Christian D. Schwab - Craig-Hallum Capital Group LLC, Research Division

Analyst

And then, my last question, if I may. Can you explain the customer buying decision to move from InfiniBand to ethernet?

Juan Oscar Rodriguez

Analyst

Sure. So a lot of customers that are in the high-performance environment are now looking at ethernet as a replacement for InfiniBand. Not everyone has moved immediately. I think there are some early adopter customers that are beginning to look at InfiniBand. I've cited at least one of the InfiniBand retrofits that we did in China.
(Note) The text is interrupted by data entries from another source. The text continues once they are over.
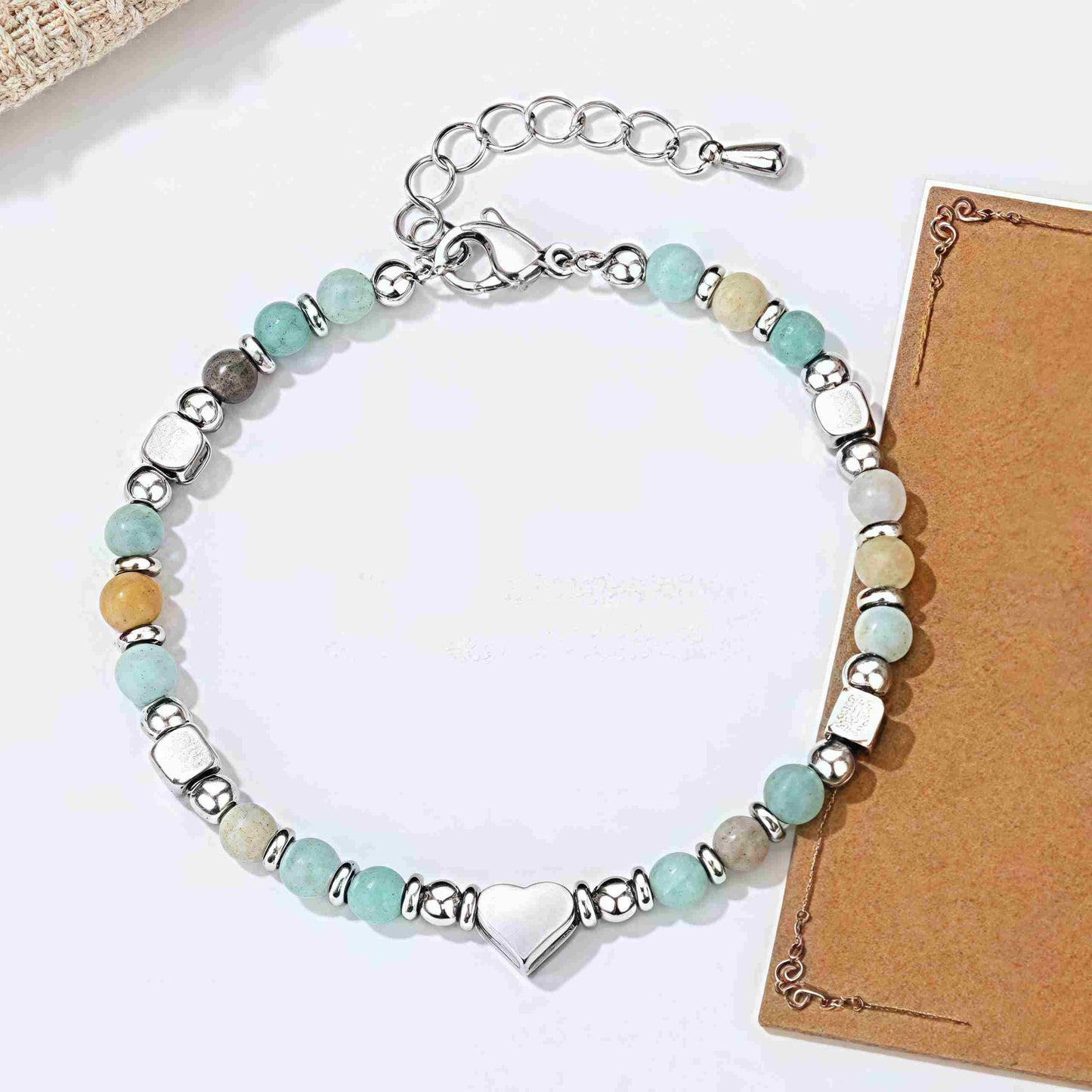 Wear FengShui Natural Stone Amazonite Amethyst Lazurite Rose Quartz Heart Positive Balance Bracelet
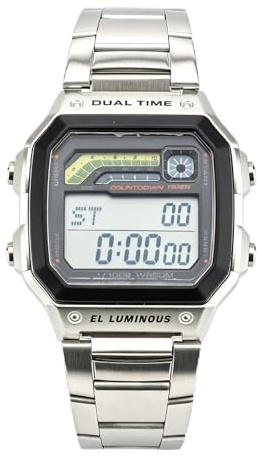 lvifloae Digital Sports Uhr Außenbeobachtung Edelstahlgurt LED Backlight Digital Display Elektronische Uhr Luminöse Männer Outdoor Sportwache für Frauen Männer Schwarzstahlriemen (Silver Steel Strap)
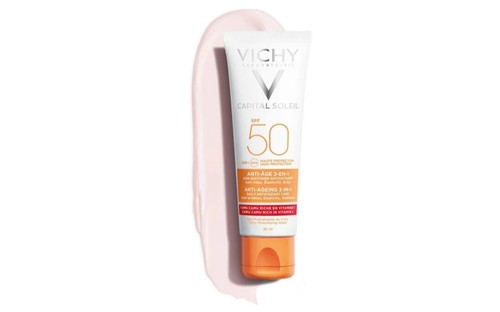 Vichy Capital Soleil SPF50 Anti-Ageing 3-In-1 Cream 50ml High Protection - Picture 4 of 4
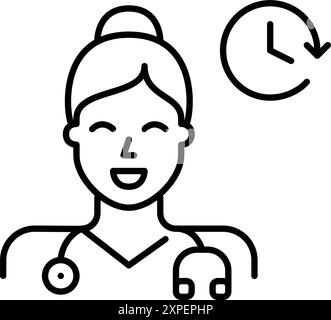 Female family doctor with stethoscope and clock. Health clinic working hours. Medical service schedule. Healthcare appointment. Pixel perfect vector Stock Vector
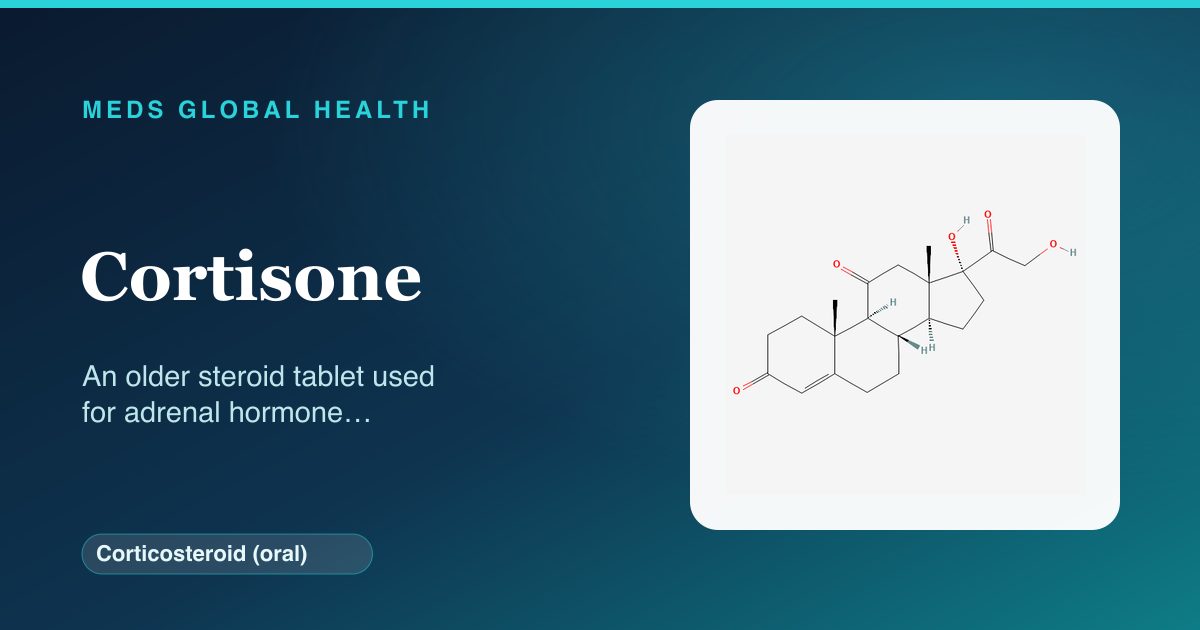 Cortisone (Corticosteroid (oral)) — Meds Global Health reference card with 2D molecular structure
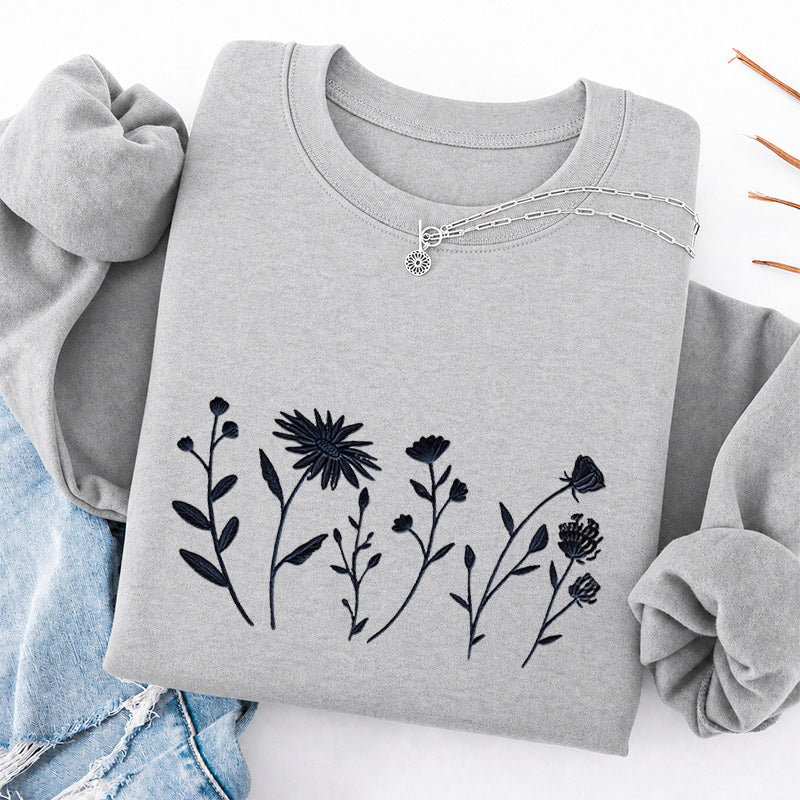 Embroidered Floral Cottagecore Classic Crewneck Sweatshirt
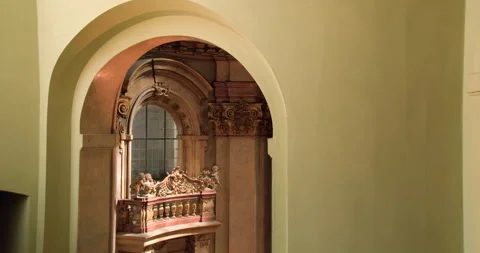 Arched opening looking down to balcony, St. Nicholas Church, Prague - 4K Stock Footage 287133847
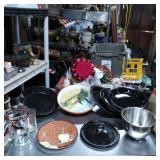 Lot with Cups, Plates, Skillet, Bowl and Lid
For a large high-performance computing environments and for geophysical research. It's -- part of it is a cost-driven issue and also the fact that InfiniBand interfaces on some of the largest servers today, there's a tendency for them to bring 10-gig interfaces with them. And so, there's no additional cost at the server and no additional cost at the network, if you will. And the fact that Ethernet is also running storage now is very compelling. So with Ethernet able to drive network type storage over iSCSI or other types of technologies, plus the servers having native 10-gig interfaces and 40-gig interfaces, now we have the ability for Ethernet to move into the InfiniBand space. So I think that it's an early market. It's growing, and I think we're going to more InfiniBand replacements by ethernet as the market moves on.

Operator

Operator

[Operator Instructions] We show no other questions in queue.

Juan Oscar Rodriguez

Analyst

Okay. Thank you very much for your time this evening. We appreciate your participating in the call, and look forward to talking to you again at the end of next quarter. Thank you very much.

Operator

Operator

Ladies and gentlemen, thanks for participating in today's program. This concludes the program. You may all disconnect.